Re: Factor

Factor: the language, the theory, and the practice.

Even More Brainf*ck

Saturday, May 17, 2025

#compiler #ebnf

I was distracted a little by some recent explorations building a Brainfuck interpreter in Factor and had a couple of follow-ups to add to the conversation.

First, I realized my initial quick-and-dirty Brainfuck interpreter didn’t support nested loops. Specifically, the logic for beginning or ending a loop just searched for the nearest [ or ] character without considering nesting. This was fixed today so that will no longer be an issue.

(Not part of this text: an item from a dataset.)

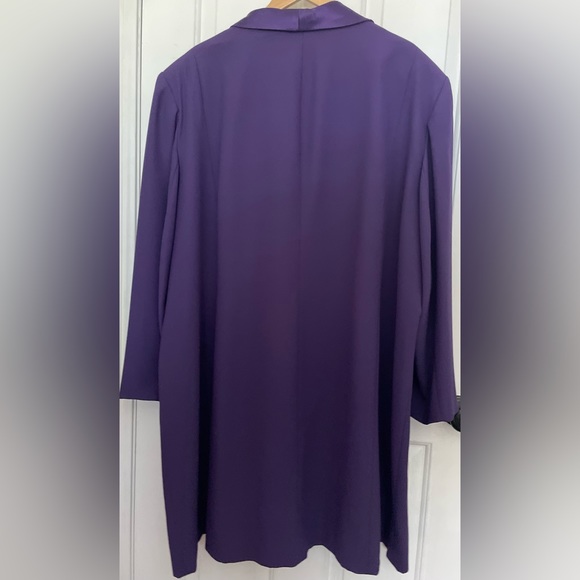 Blazer and Skirt set size 32W - Picture 7 of 12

Second, despite the Brainfuck compiler implicitly making an AST (abstract syntax tree) for Brainfuck by virtue of generating a quotation, I thought it would be more fun to build and generate one intentionally.

We can model the Brainfuck commands as operations using the following tuples and singletons:

TUPLE: ptr n ;
TUPLE: mem n ;
SINGLETONS: output input debug ;
TUPLE: loop ops ;

Next, we can build a parser using EBNF to convert the textual commands into our Brainfuck AST:

EBNF: ast-brainfuck [=[

inc-ptr  = (">")+     => [[ length ptr boa ]]
dec-ptr  = ("<")+     => [[ length neg ptr boa ]]
inc-mem  = ("+")+     => [[ length mem boa ]]
dec-mem  = ("-")+     => [[ length neg mem boa ]]
output   = "."        => [[ output ]]
input    = ","        => [[ input ]]
debug    = "#"        => [[ debug ]]
space    = [ \t\n\r]+ => [[ f ]]
unknown  = (.)        => [[ "Invalid input" throw ]]

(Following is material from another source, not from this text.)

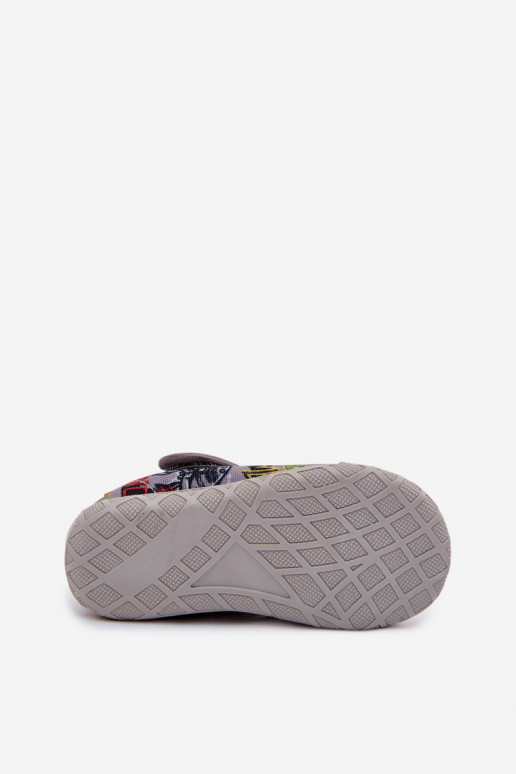 Chinelos Milami Infantil com fixadores adesivos cor cinza Jasimrra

ops   = inc-ptr|dec-ptr|inc-mem|dec-mem|output|input|debug|space
loop  = "[" {loop|ops}+ "]" => [[ second sift loop boa ]]

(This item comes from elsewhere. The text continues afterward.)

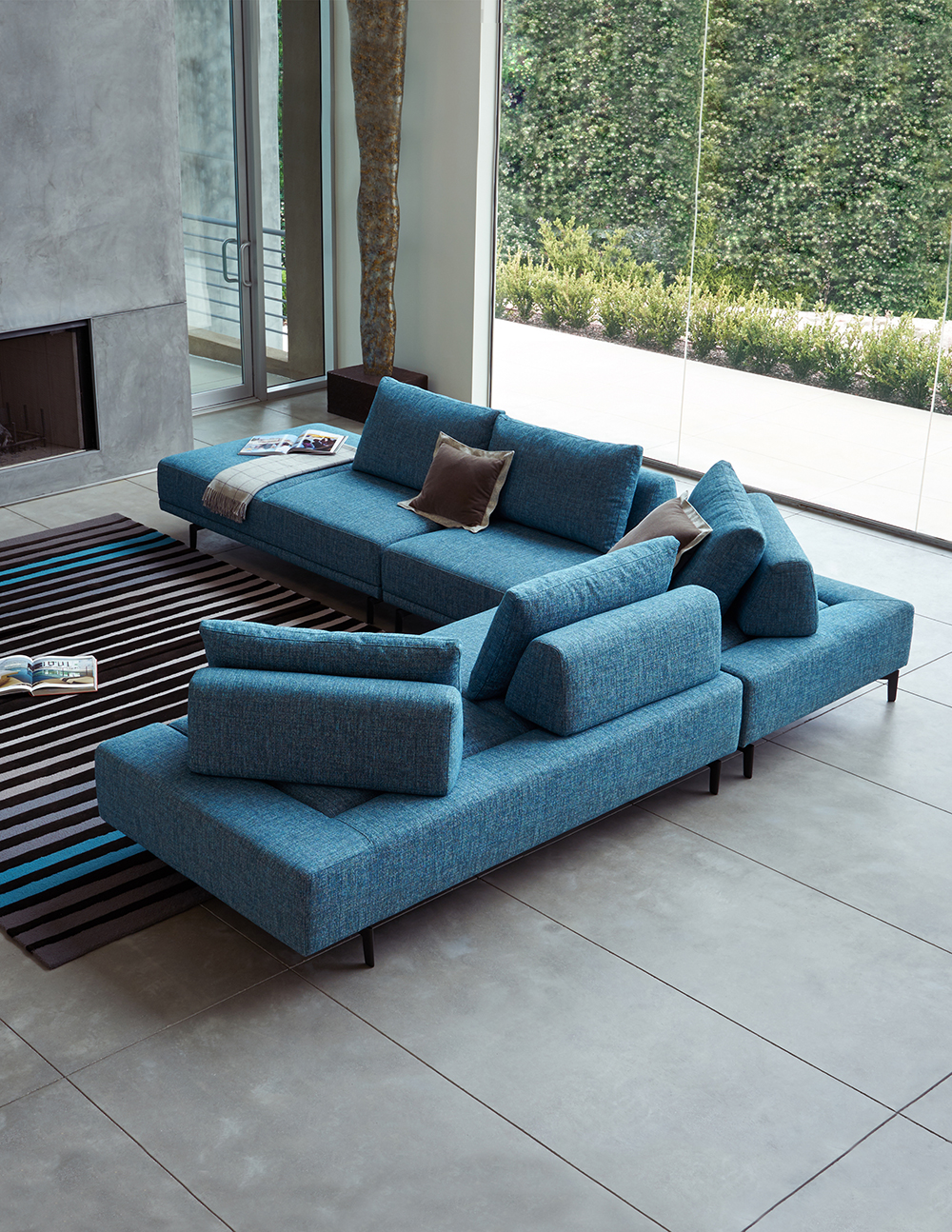 DellaRobbia Felix modern sectional sofa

code  = (loop|ops|unknown)* => [[ sift ]]

]=]

This is interesting, because now we can more easily analyze a piece of Brainfuck code, such as the Hello, World example that I have been frequently using:

IN: scratchpad "
               ++++++++++[>+++++++>++++++++++>+++>+<<<<-]
               >++.>+.+++++++..+++.>++.<<+++++++++++++++
               .>.+++.------.--------.>+.>.
               " ast-brainfuck .
V{
    T{ mem { n 10 } }
    T{ loop
        { ops
            V{
                T{ ptr { n 1 } }
                T{ mem { n 7 } }
                T{ ptr { n 1 } }
                T{ mem { n 10 } }
                T{ ptr { n 1 } }
                T{ mem { n 3 } }
                T{ ptr { n 1 } }
                T{ mem { n 1 } }
                T{ ptr { n -4 } }
                T{ mem { n -1 } }
            }
        }
    }
    T{ ptr { n 1 } }
    T{ mem { n 2 } }
    output
    T{ ptr { n 1 } }
    T{ mem { n 1 } }
    output
    T{ mem { n 7 } }
    output
    output
    T{ mem { n 3 } }
    output
    T{ ptr { n 1 } }
    T{ mem { n 2 } }
    output
    T{ ptr { n -2 } }
    T{ mem { n 15 } }
    output
    T{ ptr { n 1 } }
    output
    T{ mem { n 3 } }
    output
    T{ mem { n -6 } }
    output
    T{ mem { n -8 } }
    output
    T{ ptr { n 1 } }
    T{ mem { n 1 } }
    output
    T{ ptr { n 1 } }
    output
}

And then we can implement those operations against a brainfuck state object, by deferring to words from our current implementation:

GENERIC: op ( brainfuck op -- brainfuck )
M: ptr op n>> (>) ;
M: mem op n>> (+) ;
M: output op drop (.) ;
M: input op drop (,) ;
M: debug op drop (#) ;
M: loop op [ get-memory zero? ] swap ops>> '[ _ [ op ] each ] until ;

And now this Brainfuck AST represents a hybrid execution model somewhere between the compiled and interpreted versions:

: hybrid-brainfuck ( code -- )
    [ <brainfuck> ] dip ast-brainfuck [ op ] each drop ;

And see that it works:

IN: scratchpad "
               ++++++++++[>+++++++>++++++++++>+++>+<<<<-]
               >++.>+.+++++++..+++.>++.<<+++++++++++++++
               .>.+++.------.--------.>+.>.
               " hybrid-brainfuck
Hello World!

We also gain some potential for building code optimization techniques that operate on an AST as a step before actual compilation or execution – for example, coalescing adjacent increment and decrement operations or some other more complex analysis.

That, however, is likely to remain an exercise for the reader!